R S Thomas

In the clan
There was Edward Thomas. He was very good
Though it was late before even he knew.
They gave him a gun and sent him away.
Two months he lasted, until a stray shell
With his name on it exploded at Arras.

There was Dylan Thomas. He was bloody good.
Every evening after the versifying
He would sit in a bar with the boyos
Staring cymrically into his whisky,
Pouring it down his throat like a fish.

There was D M Thomas too. He was OK
If you liked sex and psychoanalysis and such
And goings-on in white hotels.
In time, poetry ceased to be his field,
But he of course was not Welsh.

Lastly there was Thomas the Church.
Duw, that was not an easy man to know,
Unless your name was Puw or Prytherch,
But those who read his quiet books
Reach the simple verdict: he was good. 

Ronald Stuart Thomas (1913-2000) was the foremost Welsh poet of his day, and an Anglican clergyman. In 1996 he was nominated for the Nobel prize for Literature, but was passed over in favour of Seamus Heaney.

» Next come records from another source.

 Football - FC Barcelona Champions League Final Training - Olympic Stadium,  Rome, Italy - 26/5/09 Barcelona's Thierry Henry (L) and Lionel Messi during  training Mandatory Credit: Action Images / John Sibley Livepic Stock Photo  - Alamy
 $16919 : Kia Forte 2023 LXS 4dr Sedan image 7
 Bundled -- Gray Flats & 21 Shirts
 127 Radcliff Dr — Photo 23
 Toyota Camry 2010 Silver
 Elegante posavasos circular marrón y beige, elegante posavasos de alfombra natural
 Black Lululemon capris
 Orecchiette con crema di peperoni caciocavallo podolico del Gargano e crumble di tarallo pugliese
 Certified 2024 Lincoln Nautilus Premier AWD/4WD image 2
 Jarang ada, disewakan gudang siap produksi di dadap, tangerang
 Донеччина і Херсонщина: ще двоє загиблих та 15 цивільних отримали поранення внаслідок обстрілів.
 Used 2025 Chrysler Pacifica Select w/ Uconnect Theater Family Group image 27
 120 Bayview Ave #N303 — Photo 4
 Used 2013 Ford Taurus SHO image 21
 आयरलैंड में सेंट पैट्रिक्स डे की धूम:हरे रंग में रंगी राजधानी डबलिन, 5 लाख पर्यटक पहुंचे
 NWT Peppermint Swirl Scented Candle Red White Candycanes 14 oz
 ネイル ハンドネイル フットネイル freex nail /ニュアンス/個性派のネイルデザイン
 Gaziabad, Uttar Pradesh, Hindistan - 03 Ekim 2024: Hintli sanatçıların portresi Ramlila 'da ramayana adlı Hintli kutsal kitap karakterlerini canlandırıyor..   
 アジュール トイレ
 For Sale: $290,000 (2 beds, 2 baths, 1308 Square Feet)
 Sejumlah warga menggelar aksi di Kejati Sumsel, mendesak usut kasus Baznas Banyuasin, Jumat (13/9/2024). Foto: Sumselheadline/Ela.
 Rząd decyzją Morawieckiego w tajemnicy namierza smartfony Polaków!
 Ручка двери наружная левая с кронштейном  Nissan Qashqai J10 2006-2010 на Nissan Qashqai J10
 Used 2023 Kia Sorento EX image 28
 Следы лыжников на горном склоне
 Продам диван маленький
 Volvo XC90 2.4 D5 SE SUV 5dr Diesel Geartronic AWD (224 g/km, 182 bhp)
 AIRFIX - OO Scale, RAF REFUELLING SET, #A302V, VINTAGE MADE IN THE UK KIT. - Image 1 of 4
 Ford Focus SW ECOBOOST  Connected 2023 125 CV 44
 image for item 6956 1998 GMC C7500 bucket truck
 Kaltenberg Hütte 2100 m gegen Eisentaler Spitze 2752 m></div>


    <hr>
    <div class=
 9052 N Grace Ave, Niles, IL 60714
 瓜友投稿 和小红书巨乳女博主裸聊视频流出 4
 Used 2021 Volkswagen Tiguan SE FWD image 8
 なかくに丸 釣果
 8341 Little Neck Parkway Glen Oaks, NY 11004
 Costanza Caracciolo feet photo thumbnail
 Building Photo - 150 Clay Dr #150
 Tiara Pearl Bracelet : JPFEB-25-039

His poetry gave a realistic, sympathetic but unsentimental view of the Welsh countryside and the people who inhabited it. He wrote two prose works in Welsh, but all of his poetry was in English. Only occasionally would he "perform cultural excesses on Saxon territory" i.e. read his poetry to audiences in England. He was a Welsh nationalist who - despite his professed pacifism - supported the fire-bombing of English holiday homes. He resigned from the Royal Society for the Protection of Birds (RSPB) over their plans to introduce non-native red kites (birds of prey) to Wales. One does not have to read far between the lines of the various accounts of his life to detect that he must have been a cantankerous old so-and-so. But by comment consent he was a very fine poet indeed.  

I ought to be ashamed of myself for ever confusing him with  Edward Thomas. No-one could ever confuse him with Dylan Thomas. The above poem (based on R S Thomas's poem On the Farm) should makes any such such confusions less likely.